Introduction

On September 8, 2006, the Miami Herald ran a Page One story titled “10 Miami journalists take U.S. pay.” The story by Oscar Corral reported that Miami-area journalists had accepted money from Radio/TV Martí, a US government-run broadcast targeted at the communist nation of Cuba. Three of the 11 journalists named in the story worked for El Nuevo Herald , a Spanish-language newspaper also owned by the Miami Herald Media Company. Corral wrote that the three had been fired for violating conflict of interest rules.
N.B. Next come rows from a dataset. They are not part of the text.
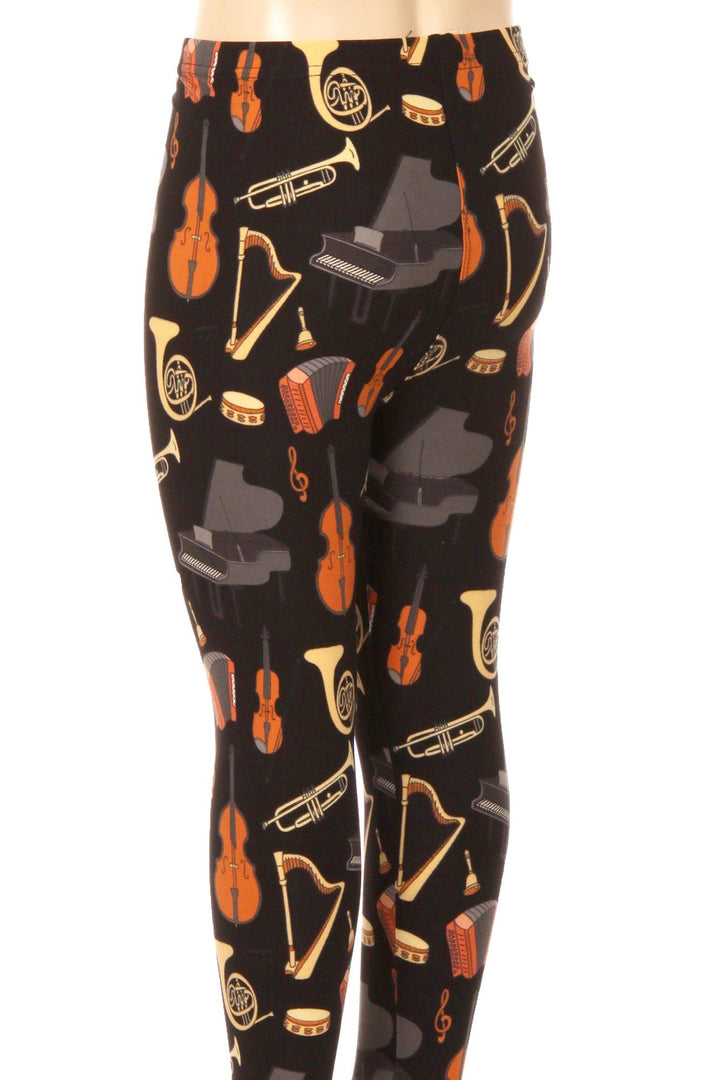 Wholesale Buttery Soft Musical Instrument Kids Leggings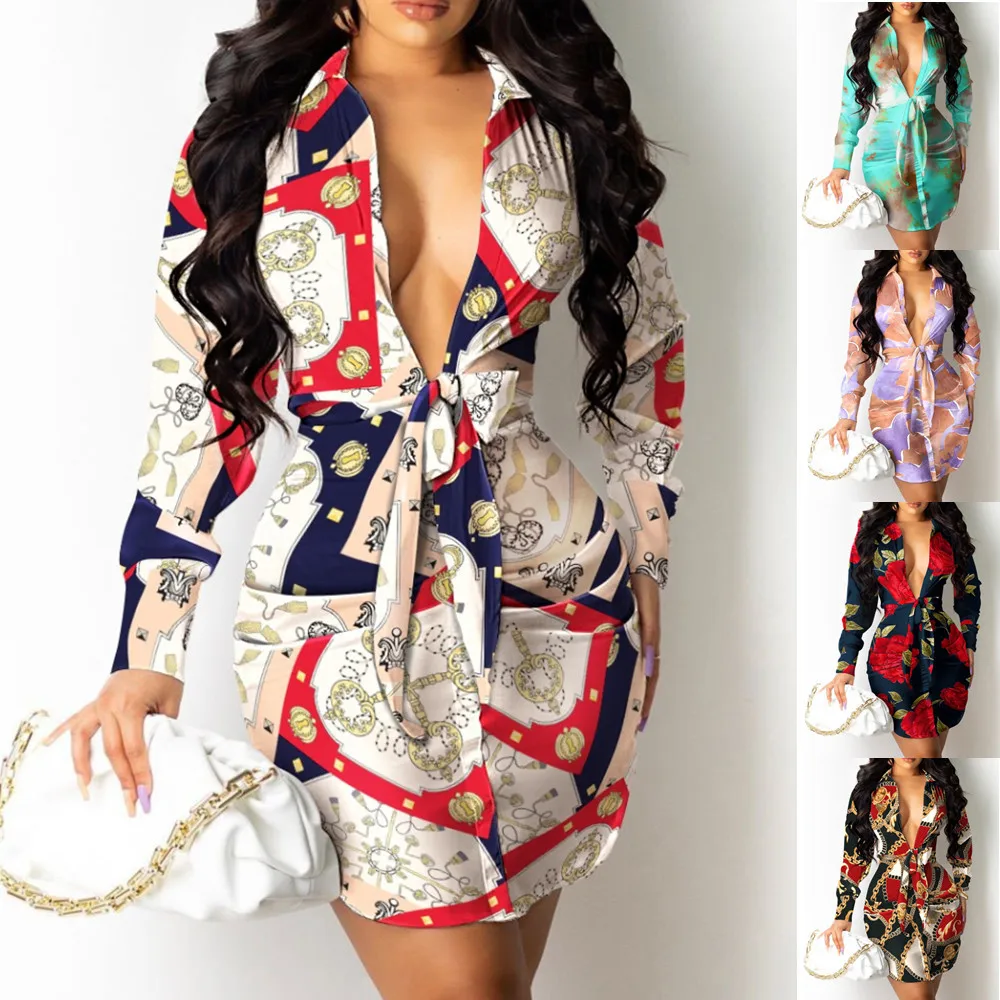 

Модная женская Асимметричная юбка, осеннее платье-рубашка с длинным рукавом, V-образным вырезом и принтом, женские платья для поездок, женск...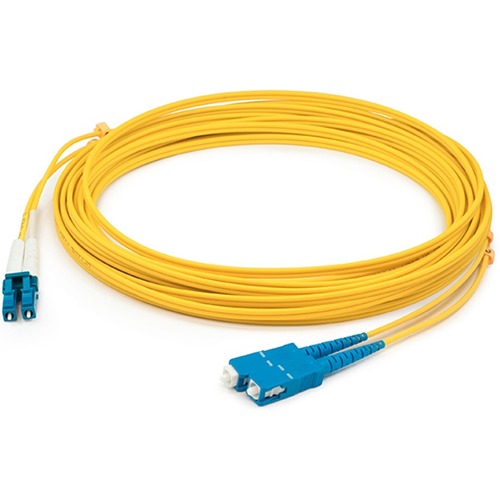 AddOn 5m LC (Male) to SC (Male) Yellow OS2 Duplex Fiber OFNR (Riser-Rated) Patch Cable
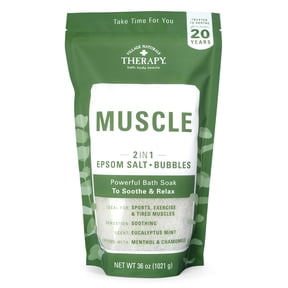 Village Naturals Therapy Muscle Relief Foaming Epsom Bath Soak, 36 oz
The story, and the disciplinary action, unleashed a firestorm of protest from Cuban-Americans and others in greater Miami. Nearly two thousand readers canceled their subscriptions. The accused at Nuevo Herald protested that they had permission from a previous editor to work at Radio Martí. Those accused who did not work for Nuevo Herald wondered why the Miami Herald story had cast as reprehensible a practice which they regarded as professionally unremarkable, and also a moral duty. Charges of racism and anti-Cuban prejudice raced through the Cuban-American community and fetched headlines elsewhere.

Publisher Jesús Díaz, Jr., held ultimate responsibility for both newspapers. He had made the decision to fire the three Nuevo Herald reporters. As criticism mounted, he came in for scathing critique within both the Nuevo Herald and—to the surprise of some—the Miami Herald newsrooms. On September 15, nationally recognized Miami Herald columnist Carl Hiassen submitted for publication a column about the Radio Martí incident in which, Díaz felt, Hiassen made light of the situation. Fearing more backlash, Díaz spiked the column. Hiassen protested, and threatened to resign.

The McClatchy Company had bought the Knight-Ridder newspaper chain, with its crown jewel, the Miami Herald , just three months earlier. Headquartered in Sacramento, California, McClatchy rarely interfered in the running of its properties. But when news of the Hiassen stand-off reached Vice President for News Howard Weaver, he got involved. Hiassen’s column, he agreed, should run—and it appeared in its regularly scheduled slot on September 17.

But matters did not die down. Instead, McClatchy watched with dismay as outrage mounted at El Nuevo Herald , at least one of the dismissed reporters threatened a lawsuit, others of the accused went on the attack, and the Nuevo Herald itself published a story about American journalists who regularly worked for government-funded Voice of America and Radio Free Europe—with no consequences. The implicit question: why had the Miami Herald fired Cuban-American journalists for appearing on Radio Martí? As the situation continued to worsen into early October, Vice President Weaver wondered whether McClatchy should become even more involved and, if so, what it could do to restore calm and mend damaged relations both between its two properties, and between the Miami Herald and the wider Miami community.